Mouse anti mkp 1

After being lysed and centrifugated, the supernatant was determined by BCA kit. After being normalized and boiled with loading buffer, the proteins were separated and transformed into PVDF membrane (Millipore, Burlington, Massachusetts). After being treated with 5% bovine serum albumin for 1 hour, membranes were incubated with primary antibodies in 1% bovine serum albumin. In this study, rabbit anti-p-p38MAPK, p38MAPK, p-ERK1/2, ERK1/2, RXRα (Cell Signaling Technology, Danvers, Massachusetts; 1:1,000), rabbit anti-p-JNK1/2 (Abcam, Cambridge, UK; 1:2,000), JNK1/2 (Abcam; 1:5,000), mouse anti-MKP-1 (Santa Cruz Technology, Santa Cruz, California; 1:500), goat anti-iba-1 antibody (Abcam; 1:1,000), rabbit GAPDH and anti-β-actin (ABclonal Technology, Woburn, Massachusetts; 1:5,000) were used. After being washed, membranes were treated with horseradish peroxidase-linked antirabbit or mouse secondary antibodies (Cell Signaling Technology, 1:1,000) for 1 hour. Signals were visualized by with horseradish peroxidase substrate (Millipore; Luminata Forte).

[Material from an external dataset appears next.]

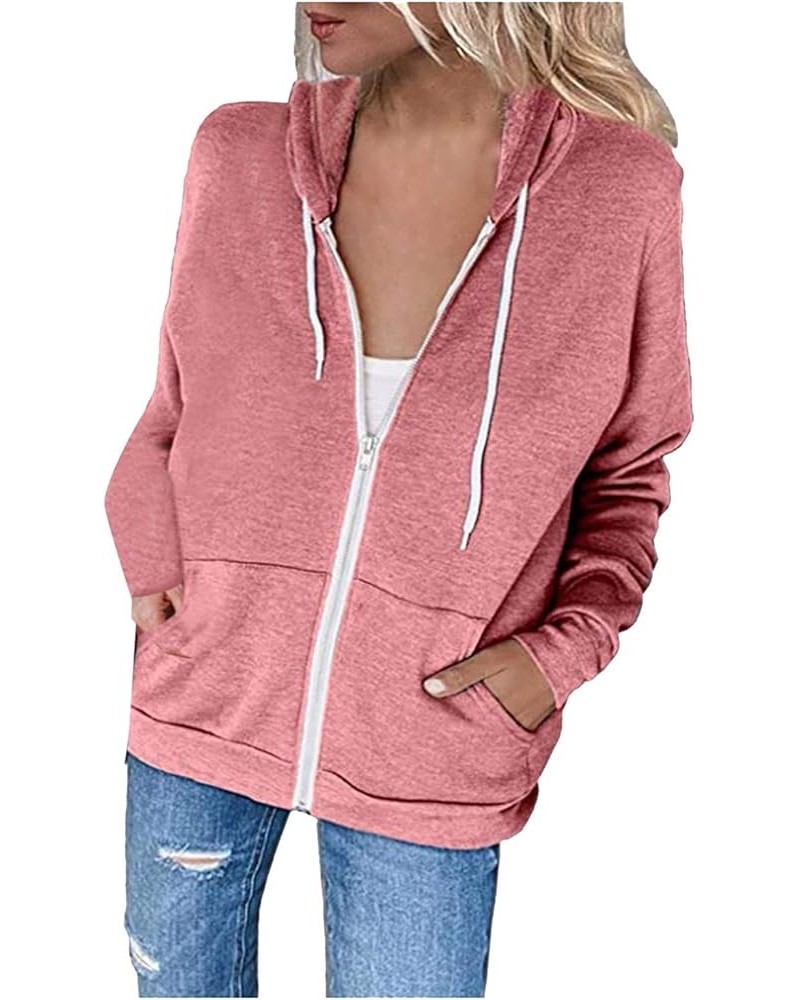 Womens Lightweight Color Block Hooded Sweaters Drawstring Hoodies Pullover Sweatshirts Long Sleeve Zip Up Hoodies I-pink $9.4...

The ispilateral L4 to L5 spinal cords on day 7 were treated with 4% paraformaldehyde for 8 hours and 30% sucrose overnight at 4°C. Then, samples were embedded and sliced. After being washed and treated with .3% Triton X-100 for 20 minutes, they were incubated with 5% donkey serum in phosphate-buffered saline for 1 hour and primary antibody in 1% donkey serum overnight. Goat anti-iba-1 antibody (Abcam; 1:200) were used. After being washed again, sections were treated with donkey antigoat IgG Dylight594 (1:200; Jackson ImmunoResearch Laboratories, West Grove, Pennsylvania). Images were taken at 100× magnification (Leica DM500B, Wetzlar, Germany). To detect colocalization of RXRα/MKP-1 and RXRα/Iba-1, rabbit anti-RXRα (1:200, Cell Signaling Technology), Goat anti-iba-1 antibody (Abcam; 1:200) and mouse anti-MKP-1 (1:50, Santa Cruz Technology) were used as primary antibodies in 1% donkey serum. Secondary antibodies were donkey antirabbit IgG Dylight488 (1:200; Jackson ImmunoResearch Laboratories), donkey antigoat IgG Dylight594 (1:200, Jackson ImmunoResearch Laboratories), and donkey antimouse IgG Dylight594 (1:200; Jackson ImmunoResearch Laboratories).